| TASK OBJECTIVE |
Print the data once more, exactly as given. Drop the pictures.

- - -

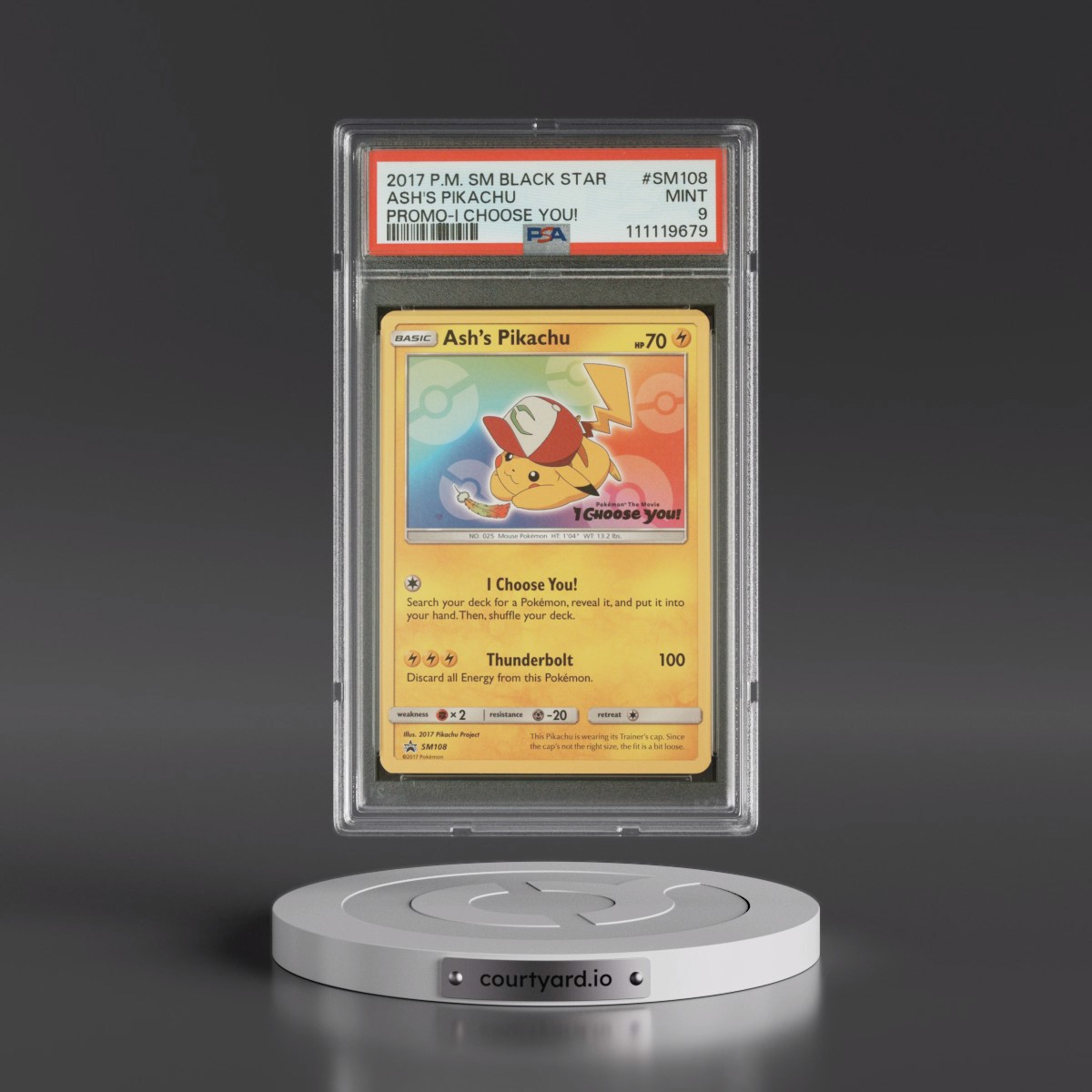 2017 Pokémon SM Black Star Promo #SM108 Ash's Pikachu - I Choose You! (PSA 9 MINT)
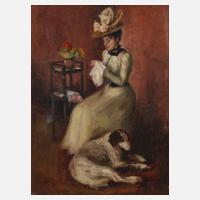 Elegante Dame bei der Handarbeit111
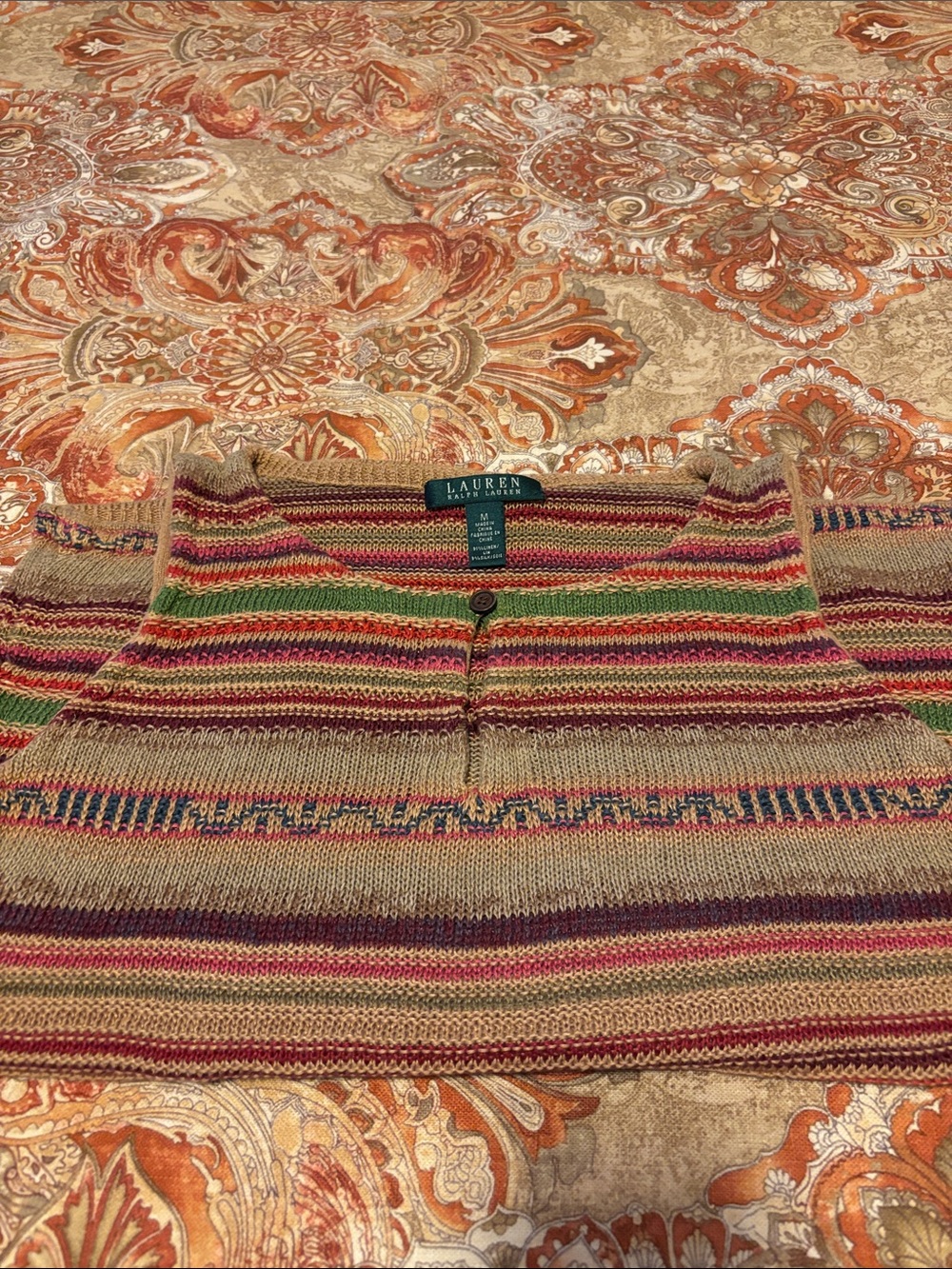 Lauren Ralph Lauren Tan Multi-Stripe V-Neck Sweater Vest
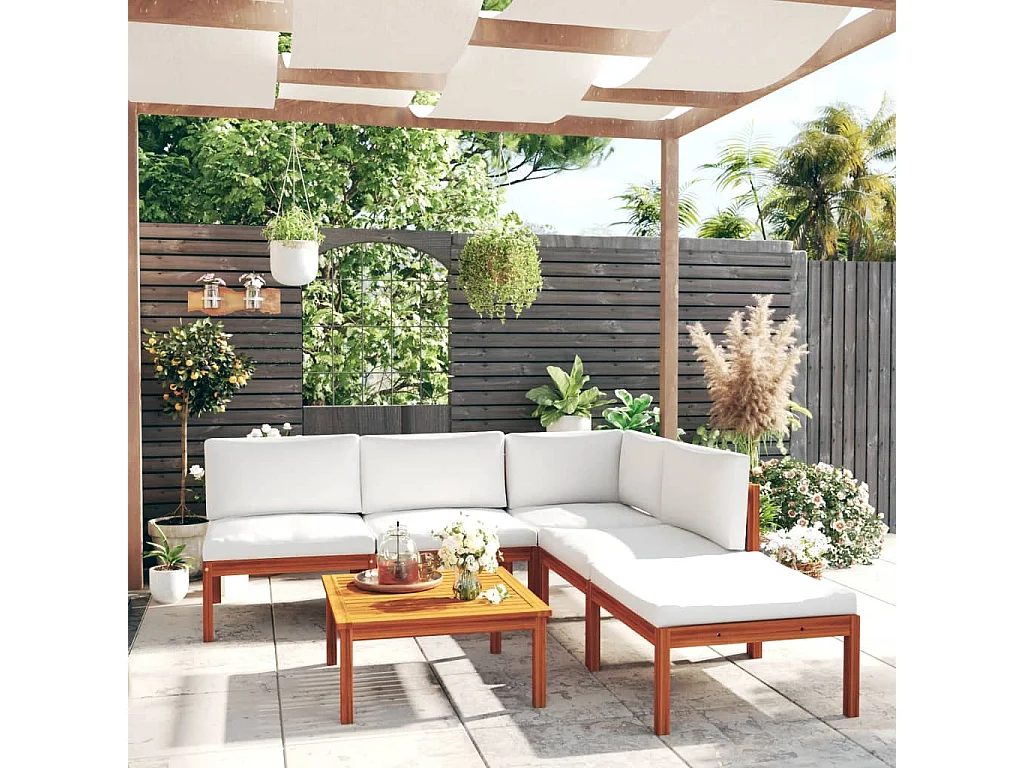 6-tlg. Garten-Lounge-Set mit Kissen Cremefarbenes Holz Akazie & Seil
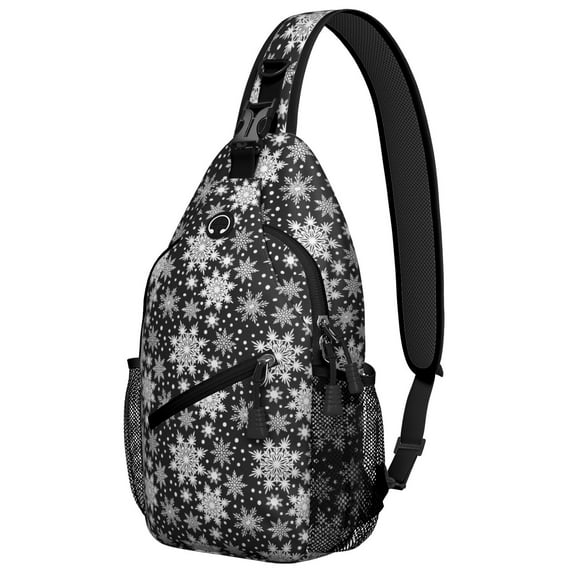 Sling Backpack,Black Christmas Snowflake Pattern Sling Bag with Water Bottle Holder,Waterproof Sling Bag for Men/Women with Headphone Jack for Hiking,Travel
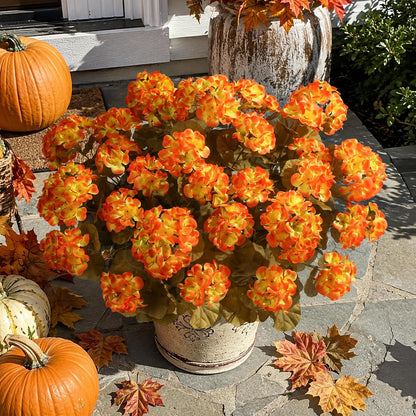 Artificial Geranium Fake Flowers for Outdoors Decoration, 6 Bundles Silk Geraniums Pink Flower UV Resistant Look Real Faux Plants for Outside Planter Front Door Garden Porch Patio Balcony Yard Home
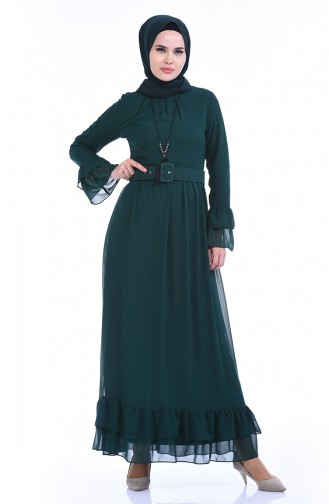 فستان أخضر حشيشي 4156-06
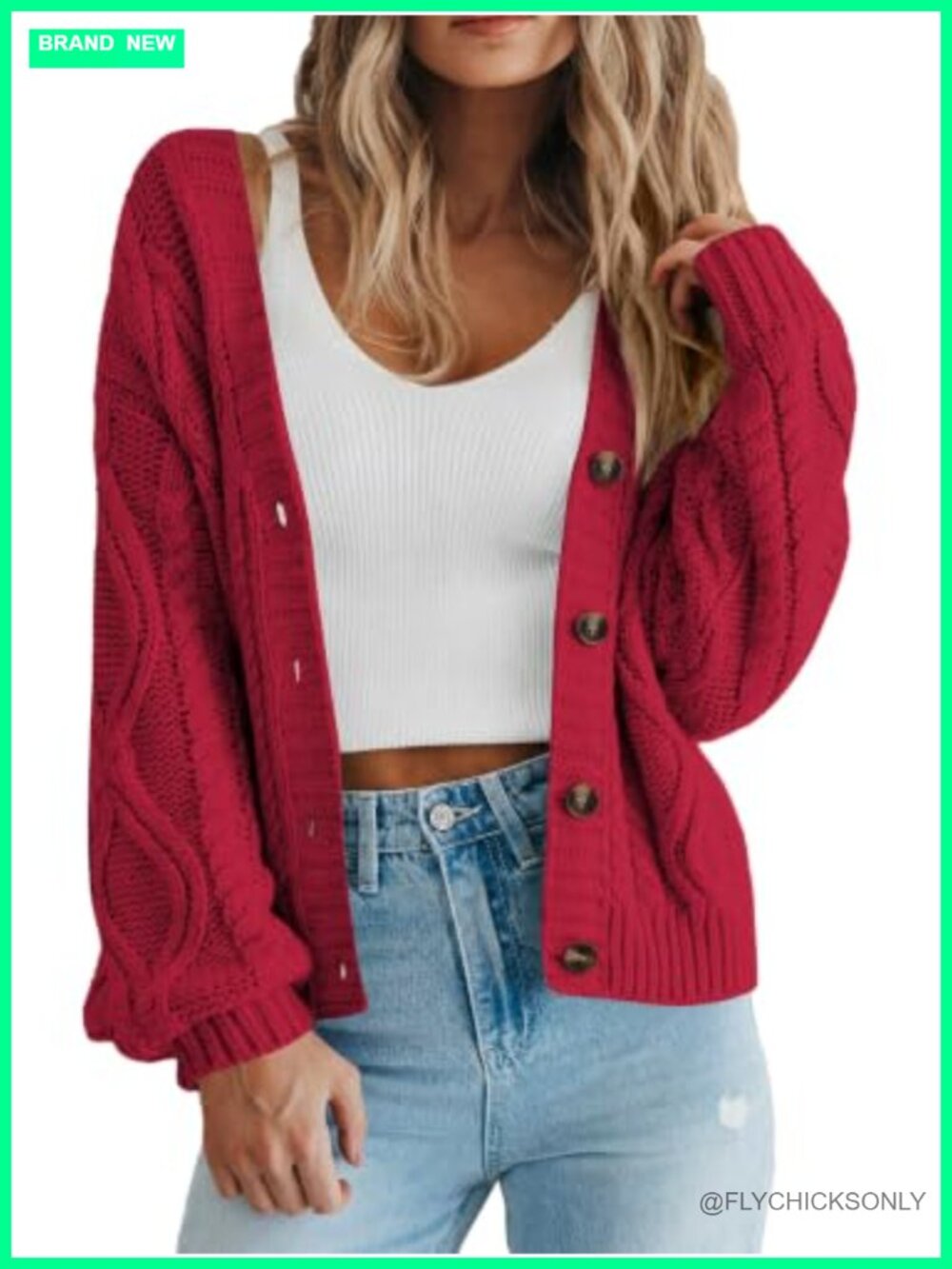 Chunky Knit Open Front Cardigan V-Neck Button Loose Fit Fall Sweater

- - -

| EXERCISE RESPONSE |
 2017 Pokémon SM Black Star Promo #SM108 Ash's Pikachu - I Choose You! (PSA 9 MINT)
 Elegante Dame bei der Handarbeit111
 Lauren Ralph Lauren Tan Multi-Stripe V-Neck Sweater Vest
 6-tlg. Garten-Lounge-Set mit Kissen Cremefarbenes Holz Akazie & Seil
 Sling Backpack,Black Christmas Snowflake Pattern Sling Bag with Water Bottle Holder,Waterproof Sling Bag for Men/Women with Headphone Jack for Hiking,Travel
 Artificial Geranium Fake Flowers for Outdoors Decoration, 6 Bundles Silk Geraniums Pink Flower UV Resistant Look Real Faux Plants for Outside Planter Front Door Garden Porch Patio Balcony Yard Home
 فستان أخضر حشيشي 4156-06
 Chunky Knit Open Front Cardigan V-Neck Button Loose Fit Fall Sweater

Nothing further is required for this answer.